Problem details =>
Your answer must be the records below, repeated exactly, with every picture left out.

Data listing =>

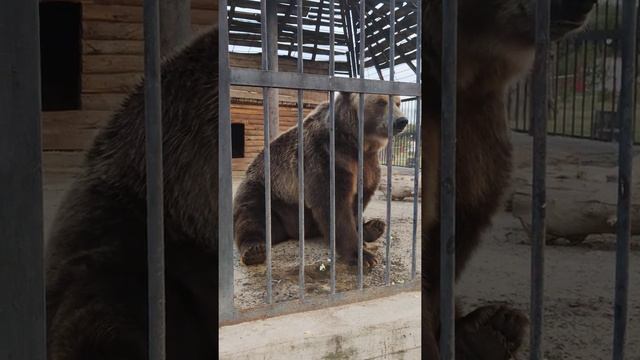 Зоопарк Старый Оскол 9.09.2019 медведь смотреть онлайн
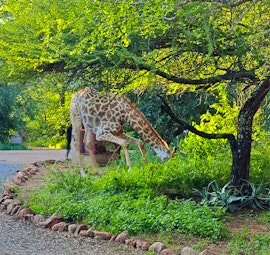 Kruger National Park South Accommodation at Meant to Be | Viya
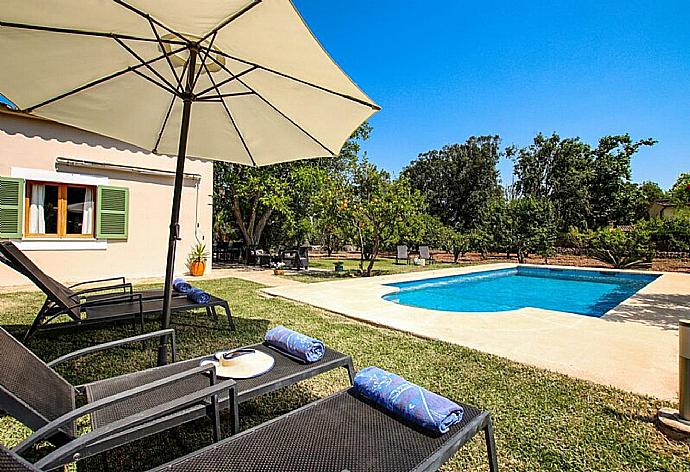 Private pool, terrace, and garden . - Villa Angel . (Photo Gallery) }}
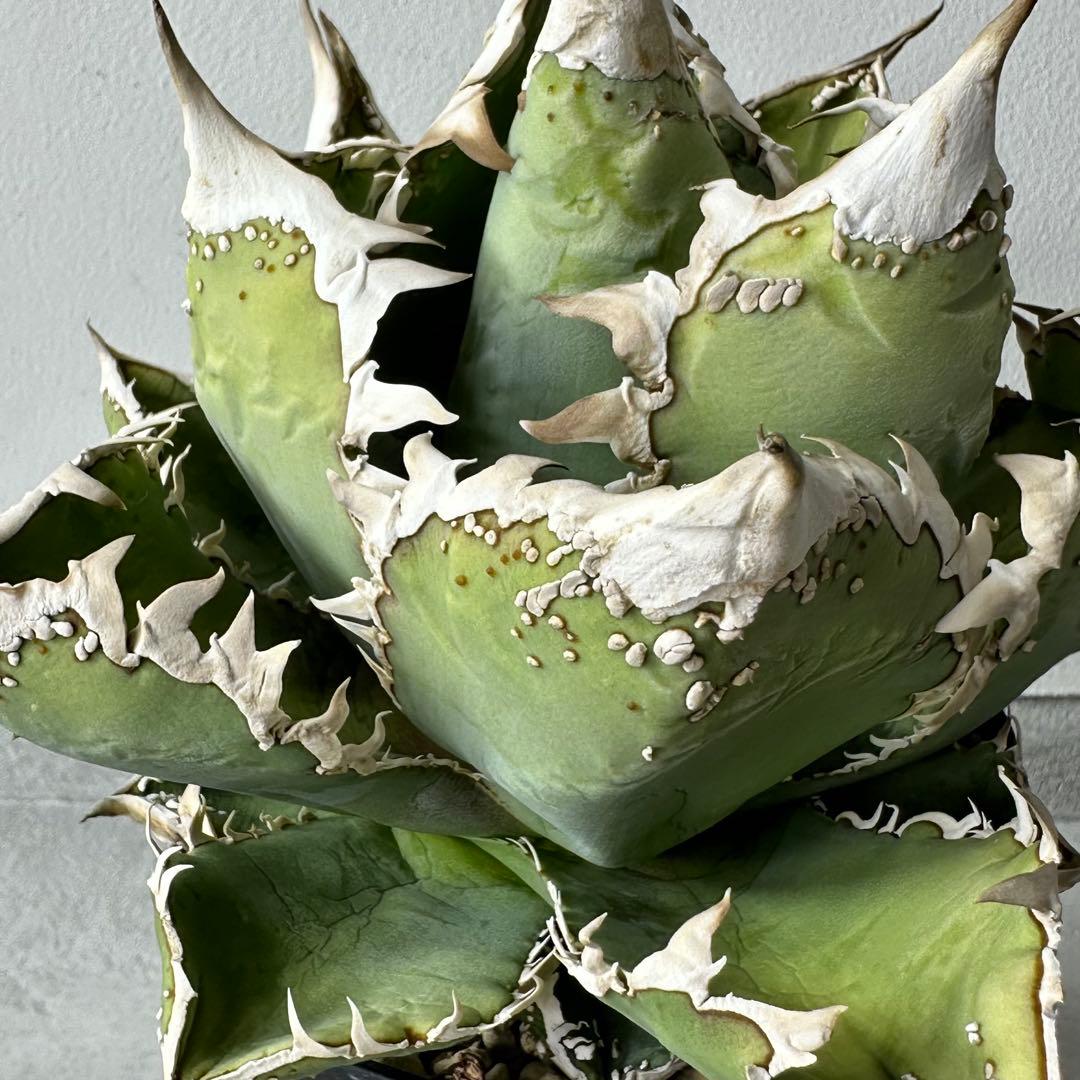 【初出】 チタノタEU産 極太 ブツブツ セット ※バラ売り可 検）冰雹、麻花龍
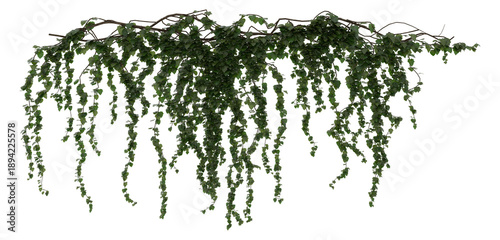 Cuadro en lienzo green ivy leaf isolated on white transparent Background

Task output =>
 Зоопарк Старый Оскол 9.09.2019 медведь смотреть онлайн
 Kruger National Park South Accommodation at Meant to Be | Viya
 Private pool, terrace, and garden . - Villa Angel . (Photo Gallery) }}
 【初出】 チタノタEU産 極太 ブツブツ セット ※バラ売り可 検）冰雹、麻花龍
 Cuadro en lienzo green ivy leaf isolated on white transparent Background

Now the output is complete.